そんな人に北大路公子さんの『私のことはほっといてください』なんか薦めたら、さらに「???」となるのかもしれません。でも、わたしとしては超絶おすすめしたい本なんです!

北海道で暮らす北大路さんの日常と、さまざまに、あちこちに、ふらふらと吹き飛んでいく妄想が綴られています。

カッパとの出会いと別れ。

深夜にテレビの音量と格闘。

ストリートビューで郵便局まででかけて迷子。

なんじゃそれは!?と感じる展開の、あまりのバカバカしさに笑いが止まらなくなります。
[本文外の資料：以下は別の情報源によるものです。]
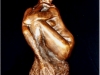 Emilio Greco - Sirena - bronzo h cm 59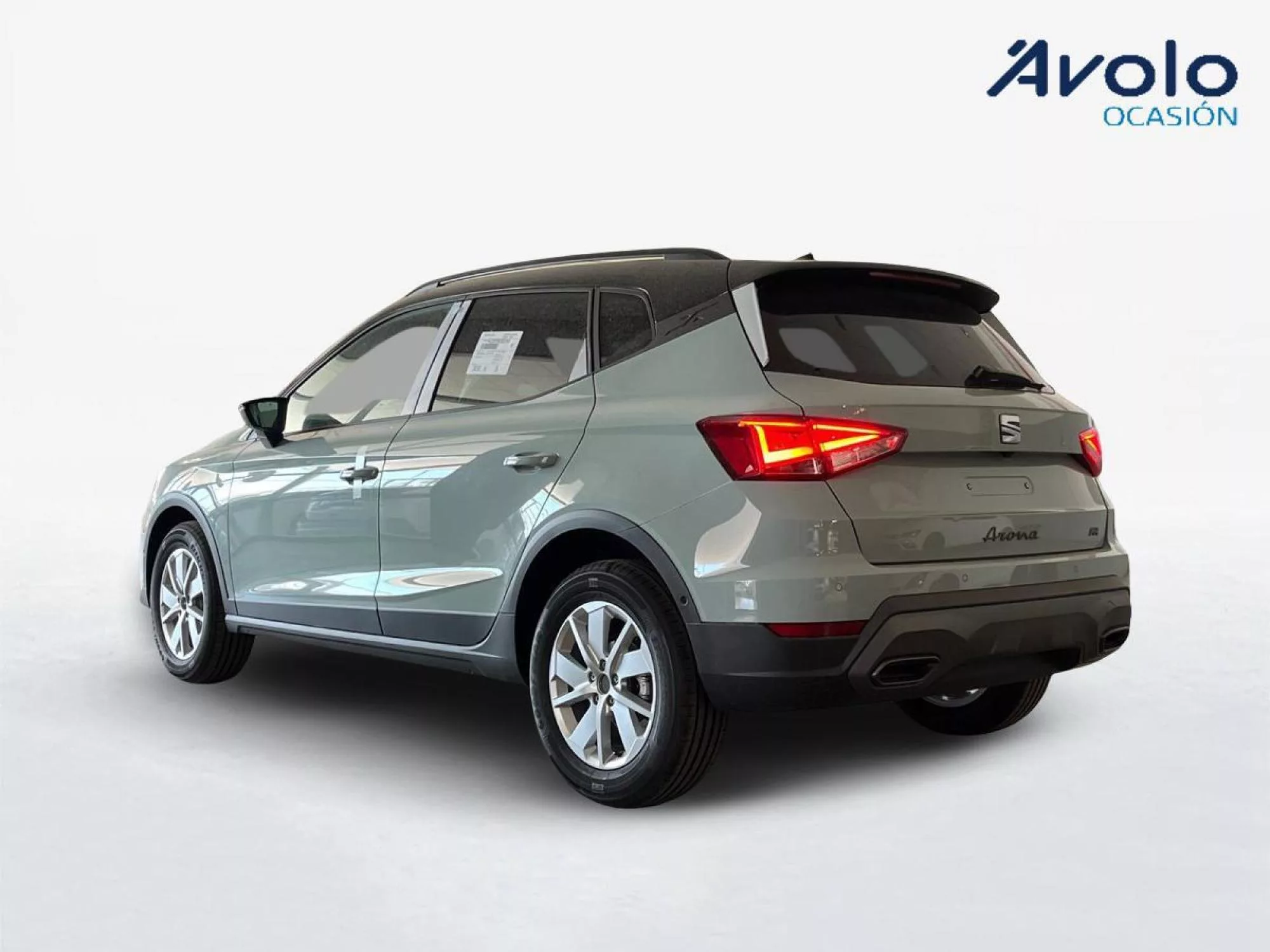 SEAT ARONA Gasolina 2026 km 0 Jaén
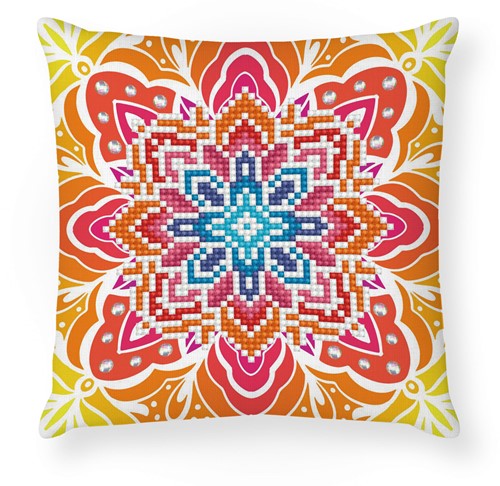 Diamond Dotz - Summer Sparkle Mini Pillow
「電車で読んではいけない本」シリーズにぴったりの一冊。

と、ここまで書いていて思ったのが、「役に立つ」ってなんだろうということです。大学の文系学部不要論が取りざたされたり、自分の仕事の価値を疑ったり、どこかでだれかになにか貢献していないと「存在価値」がないとされてしまう。

でも、それってどうよと思うのです。

存在を認める理由は、価値のある・なしではないんじゃないか。誰かにとっては意味がないかもしれないけど、他の誰かにとっては日常の潤いになるかもしれない。

「自分は価値ある存在だと認められたい」という承認欲求にとらわれると苦しくなるばかりです。そんな時こそ、「おや?」というものに自分なりの価値をみつけてみると、視点が広がりますよね。なにより気持ちに余裕が生まれます。

北大路さんの本につまっているものは、仕事の役に立つことはなさそうだし、家事の時短にもなりません。でも、日常を豊かにしてくれる最高の贈り物「笑い」がいっぱいつまっている。

読むと気持ちが楽になる「心の柔軟剤みたいな本」です。腹筋は痛くなるかもしれないけど。